Greift eine solche Panik um sich, können keine der drei bereits skizzierten
Optionen noch etwas ausrichten und also dem russischen Staat dabei helfen,
den finanziellen Engpass zu überstehen.
Am 14. Januar hielt Premierminister Dmitri Medwedjew im Rahmen der
Wirtschaftskonferenz Gaidar Forum eine viel beachtete Rede. Er kündigte an,
dass Russland den Mittelweg gehen werde, und bat alle, es in dieser
Entscheidung zu unterstützen, um just die aufkommende Panik zu ersticken.
Er beendete seine Rede mit dem berühmten Zitat von Franklin D. Roosevelt
von 1933: „Das Einzige, das wir zu fürchten haben, ist die Furcht selbst.“
Die russische Regierung, sagte Medwedjew, habe keine Angst.
Doch ob Statements aus dem Kreml ausreichen, eine Panik zu verhindern?

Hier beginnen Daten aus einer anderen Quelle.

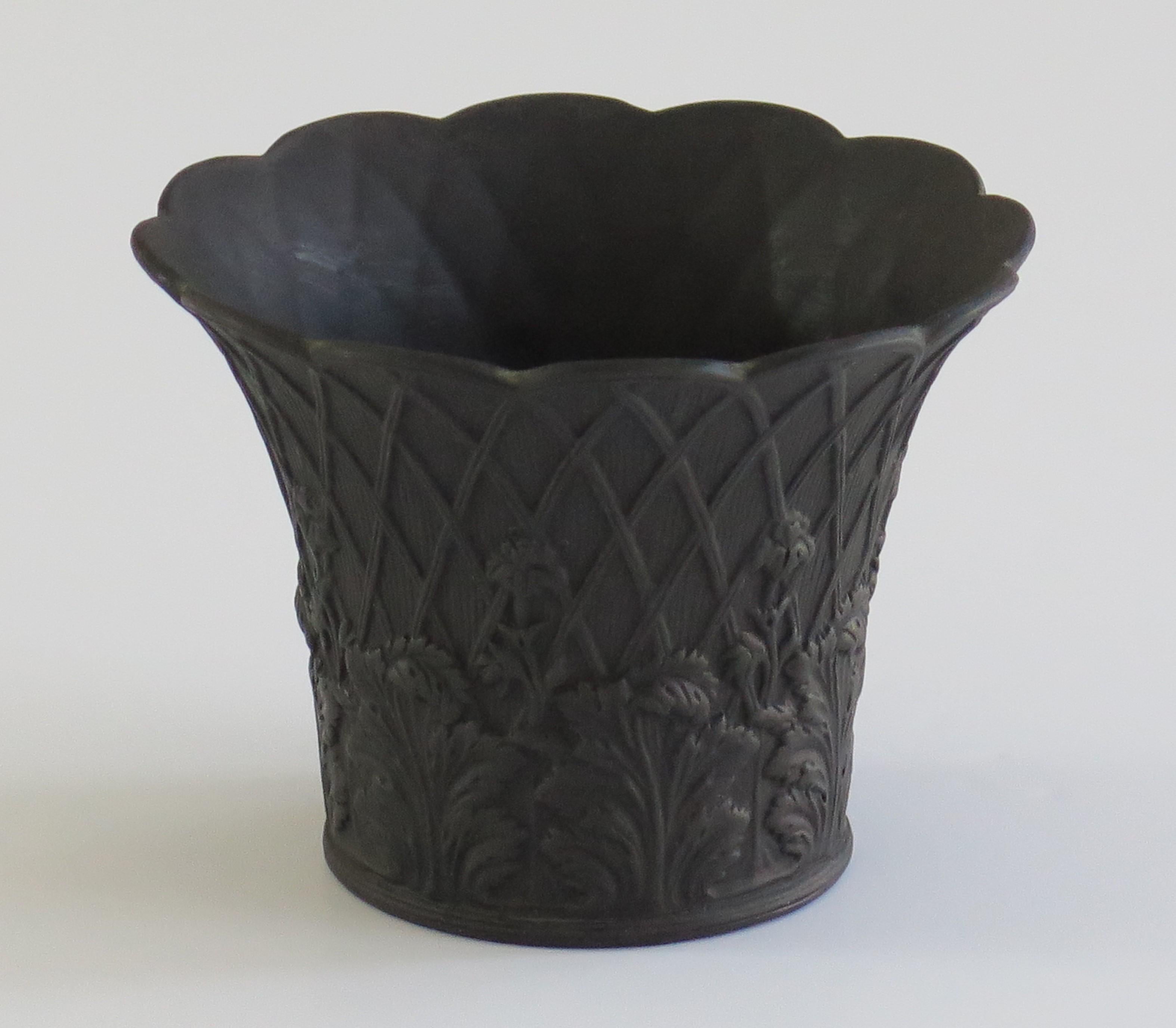 Hand-Crafted Wedgwood Black Basalt Flowerpot in Trellis Pattern, English Early 20th Century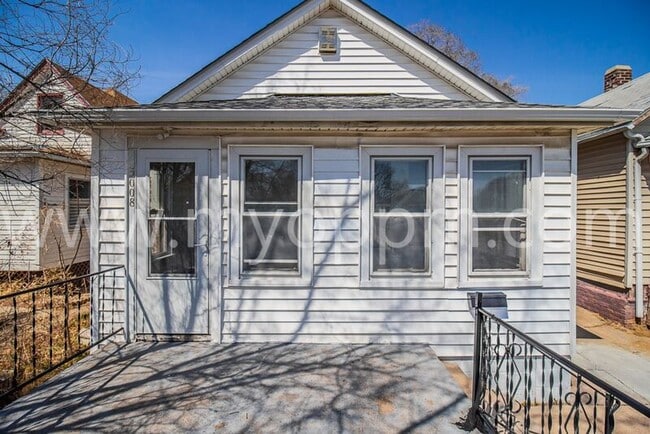 Building Photo - 3008 Seward St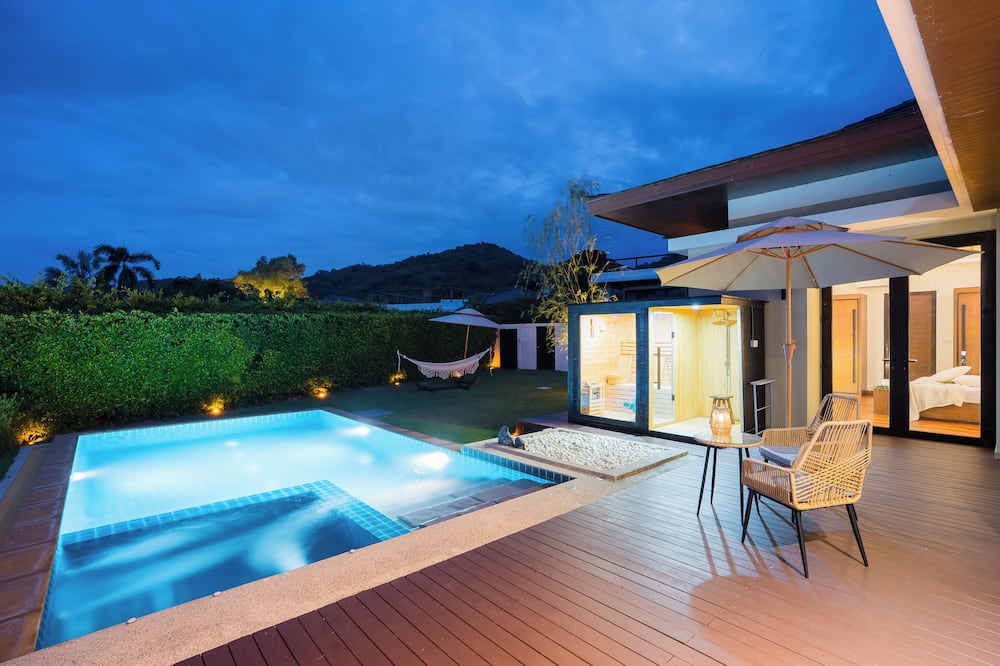 SORA Ocean View 3BR Pool & Sauna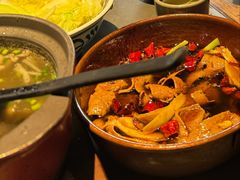 油捞牛肝-古市香跷脚牛肉·非遗传承单位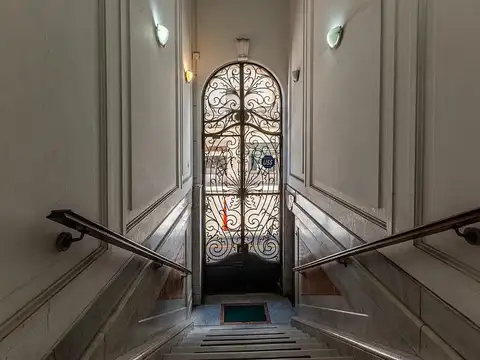 Edificio en Block publico o institucional Petit Hotel Muy buen estado de categoría en Microcentro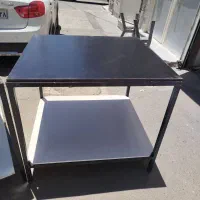 میز کار در ابعاد 1*1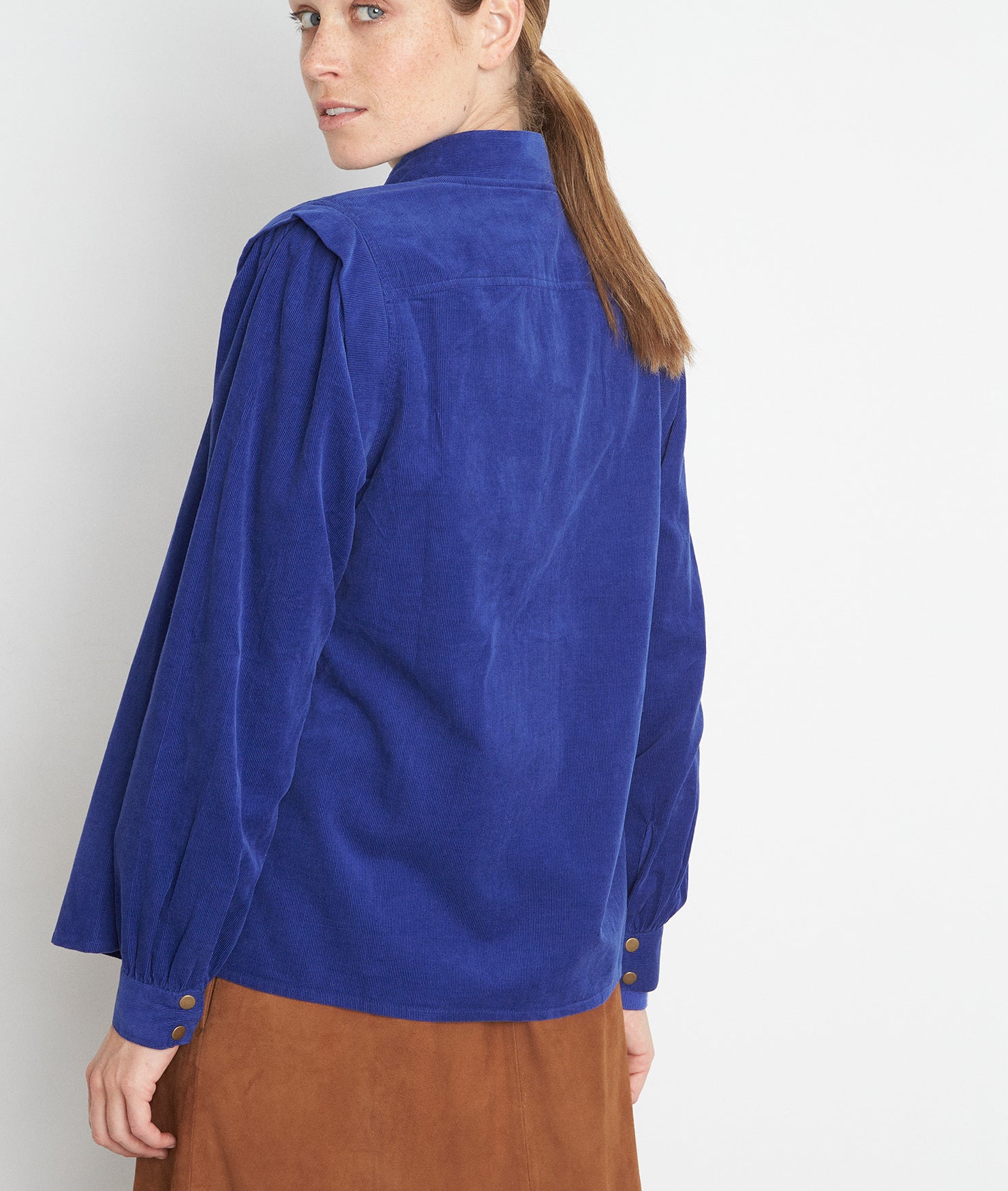 Chemise en velours milleraies de coton bleu Adam Faume - seconde main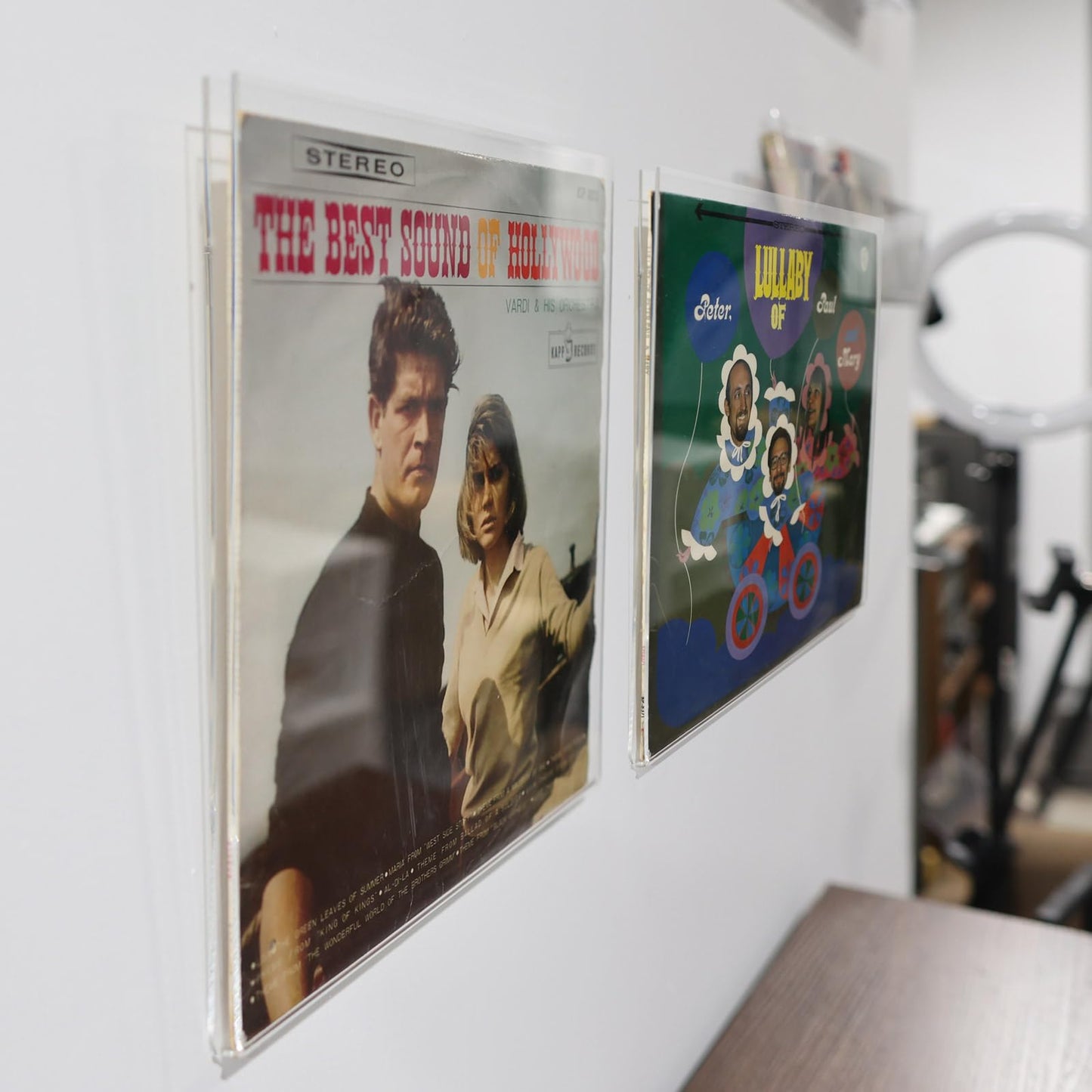 YSUFAGNR Vinyl Display Frame Floating Acrylic Album Frames 12.9 x 12.6 Inch Clear Wall Mount Display Holder for Single Lp Album Cover, 1 Piece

Der
Rede Medwedjews zumindest ist das noch nicht gelungen. Sie machte vielmehr
deutlich, wie viele Leute damit rechnen, dass die Panik erst noch kommen
wird. Wir haben es also mit einer Panik vor der Panik zu tun.

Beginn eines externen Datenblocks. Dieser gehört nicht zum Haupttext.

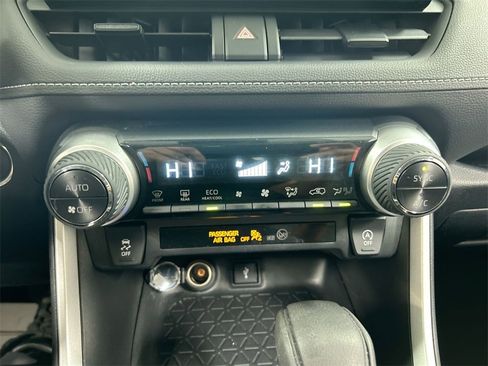 Used 2021 Toyota RAV4 XLE image 16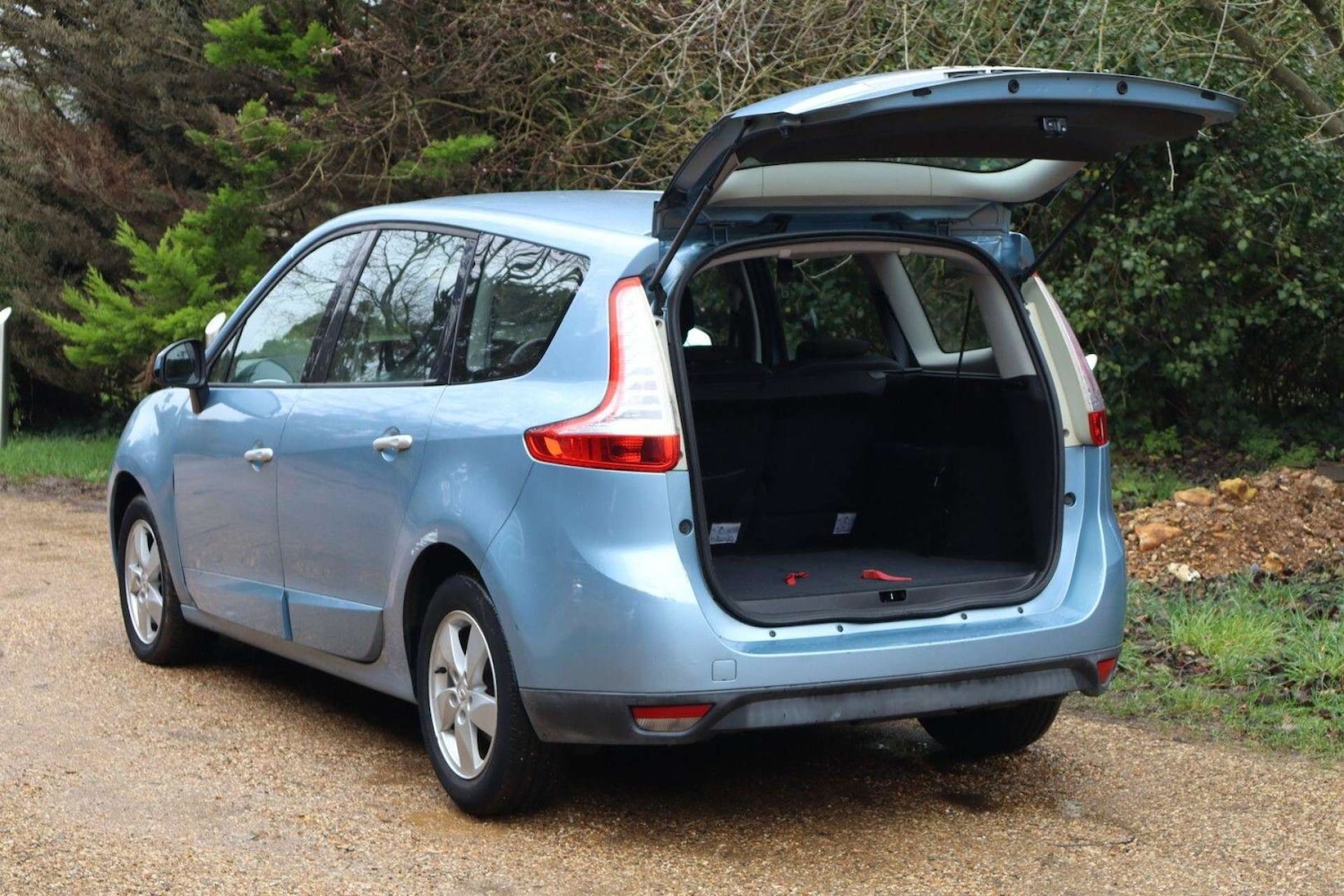 Used Renault Grand Scenic 2010 for sale - 77910118: Photo 11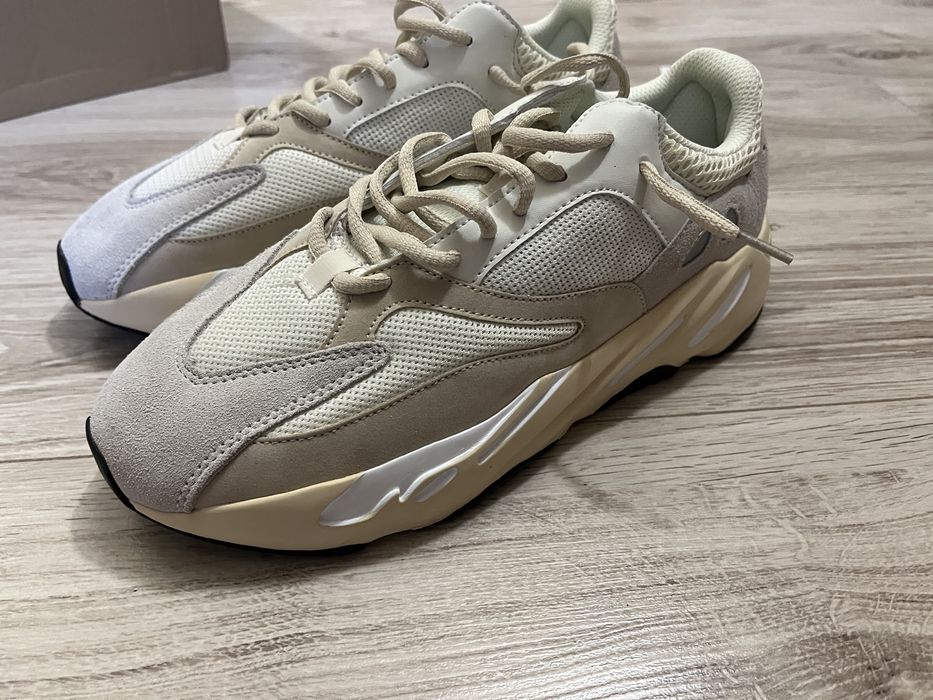 Adidas Yeezy Boost 700 v2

Putin versucht nun, diese Panik vor der Panik einzuhegen, und zwar mit
Maßnahmen, die er für eine sorgsam abgewogene, aber starke und klare
Außenpolitik hält. Die Entscheidung, die sogenannte South-Stream-Pipeline –
die Gas und Öl aus dem Schwarzen Meer von Russland nach Bulgarien
transportieren sollte, nun aber von Bulgarien im Zuge der Sanktionen
blockiert wird – durch eine Pipeline zu ersetzen, die von Russland in die
Türkei geht, ist ein erster Schritt in diese Richtung.
## Eine Pipeline mit China
Beide Pipelines tun der Ukraine finanziell weh, denn sie umgehen jeweils
ihr Terrain. Damit entfallen für sie die mit einem Transit einhergehenden
Einnahmen. Die Türkei hingegen wird mit dem gemeinsamen Energieprojekt zu
einem wichtigen Verbündeten Russlands aufgewertet.

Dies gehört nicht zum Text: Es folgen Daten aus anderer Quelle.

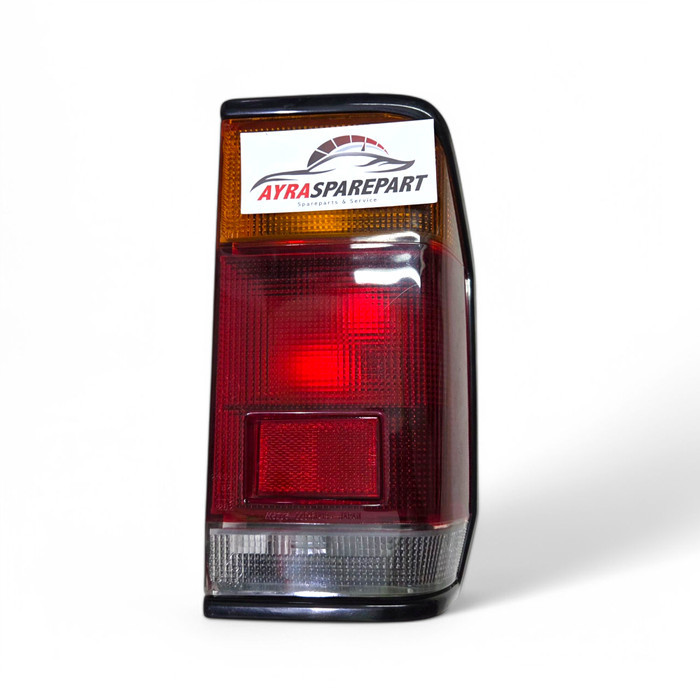 Stoplamp lampu belakang KANAN mobil Mazda E2000 original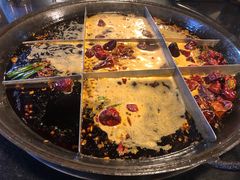 -铜元老码头鳝鱼火锅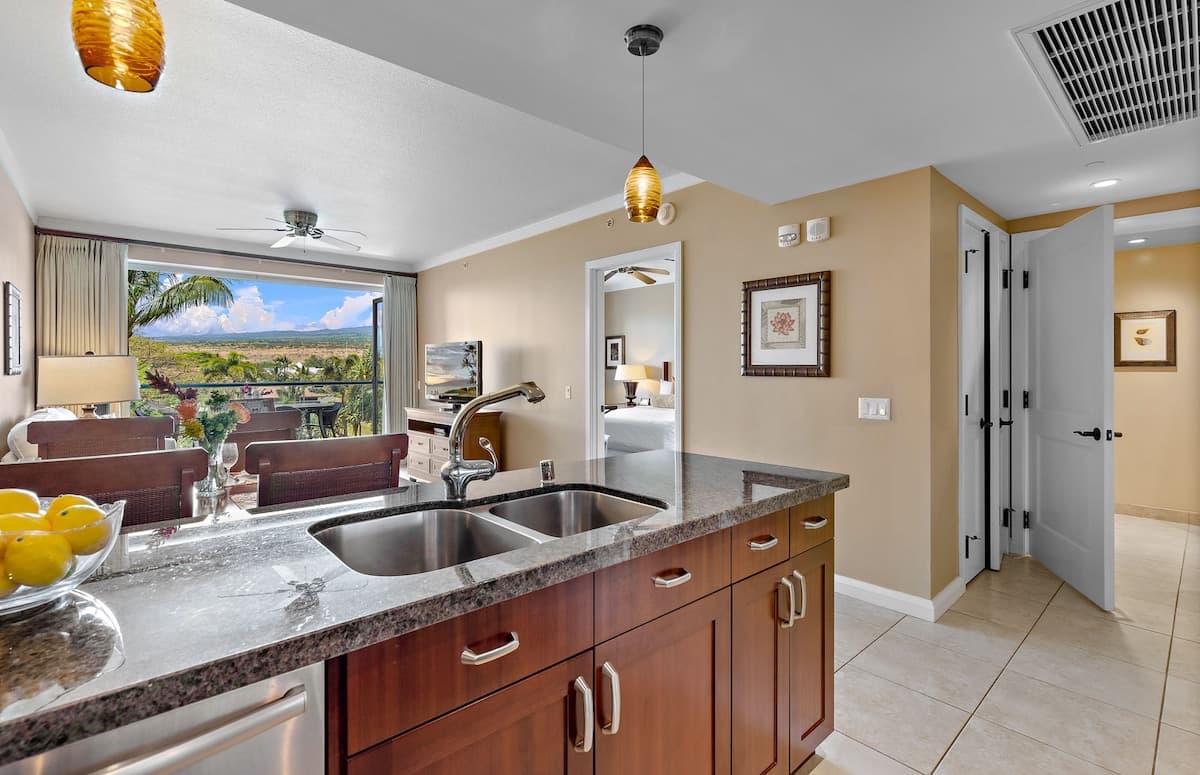 Condo in Lahaina · ★4.76 · 1 bedroom · 2 beds · 1 bath - Photo 3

Ein zweiter Schritt war die Entscheidung, sich mit China und anderen
Ländern zu einigen, in Währungsgeschäfte mit deren eigenen Währungen
einzutreten, um so die Fluktuation des Dollars zu umgehen. Ein Ergebnis
dieser Geschäfte ist der Bau einer Pipeline durch Sibirien bis
Nordostasien, die finanziell von China massiv gefördert wird. Auch so
lassen sich die Sanktionen umgehen.
Ein dritter Schritt besteht in der Ankündigung, dass
S-300-Flugabwehrraketen in den Iran verlegt werden. Lange versprochen,
hatte Russland diese Vereinbarung 2010 auf Eis gelegt – auf Druck des
Westens hin. Nun aber schickt Russland sich an, seiner Zusage von damals
nachzukommen. Das erlaubt Russland, Irans Einschluss in den
Entscheidungsprozess in Westasien zu befördern.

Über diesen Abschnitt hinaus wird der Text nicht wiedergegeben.